Fear Factor: The school
What your child thinks: “Wow, this is place is HUGE! What if I get lost?”
Calm those concerns: Visit the school during an orientation program or call the office to schedule a tour. Point out similarities between the school and your home or your child’s previous daycare or preschool setting, suggests Allyson Barry, a childhood development specialist at the Early Childhood Parenting Center, in Santa Monica, Calif. Say: “Look! Your kindergarten class has a book nook just like your preschool.” Explore fun places like the library, gym, and art and music rooms, and show him where the front office is located. Summertime picnics at the playground also can make the big brick building less intimidating.
Fear Factor: The classroom
What your child thinks: “Geez, this teacher sure has a lot of rules about where things should go and how I should behave. I hope I don’t get in trouble.”
Calm those concerns: Remind her that many school rules—no interrupting, no back talk, no hitting, no yelling, no running—are the same ones she already follows at home. You also may want to snap a photo of your child and her teacher together at orientation. Post it on the fridge so she becomes more familiar with this new important role model entering her life.
Fear Factor: The restroom
What your child thinks: “I’m not used to going to the bathroom with other people. What if the stall door won’t lock? Or worse, I get locked in! I hope I don’t have an accident!”Calm those concerns: Your kid’s probably not the only one worried about this, but the important thing to remind him is that he’s not on his own. “Keep reinforcing that his teacher is there to help, just like a parent. If he’s unsure about something, like how to lock the stall door, he can privately ask for help,” says Robert Pianta, Ph.D., dean of the University of Virginia’s Curry School of Education. You can help out by choosing outfits that make bathroom breaks a breeze. And don’t make a fuss if he has an accident: Kids this age often get wrapped up in their activities and don’t realize how badly they need to go until it’s too late.

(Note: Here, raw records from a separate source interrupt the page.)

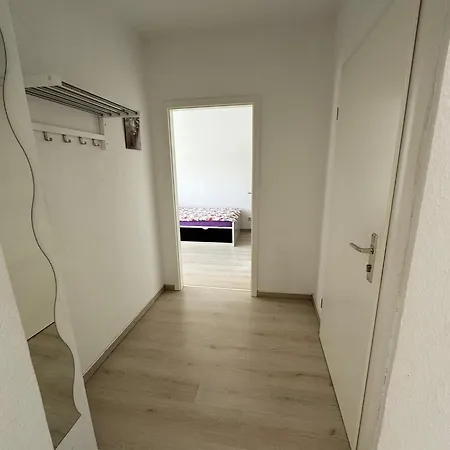 Monteurwohnungen - Hagemann Querfurter Str 4 Apartment *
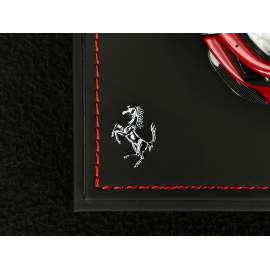 Ferrari 488 Pista 2018 Rosso Corsa / Schwarzer Streifen / Carbon Felgen 1/18 BBR Models P18145A7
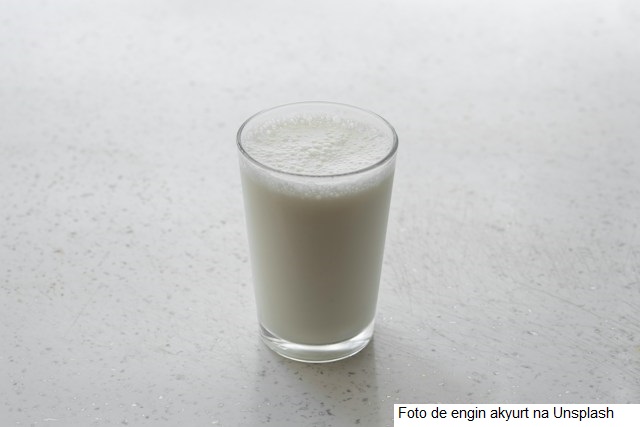 Com oferta menor, preço do leite sobe pelo segundo mês seguido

Fear Factor: The playground
What your child thinks: “I don’t know anyone, so I won’t have a friend to play with.”Calm those concerns: If your child’s school allows it, get a roster of her new classmates and arrange a play date or two before the school year starts. Even if they don’t become fast friends, just knowing a familiar face can help. Remind her of past experiences, perhaps at daycare, where she didn’t know anyone at first. Reassure her that she’s not the only child in class who’s nervous about making friends and offer a few suggestions, such as: “Wouldn’t it be fun if you asked a classmate to jump rope with you tomorrow at recess?”
Fear Factor: The cafeteria
What your child thinks: “There’s so much stuff at the lunch line—silverware, drinks, and food that looks weird to me.” OR “I can’t open my thermos, and I’m afraid I’m going to spill my drink.”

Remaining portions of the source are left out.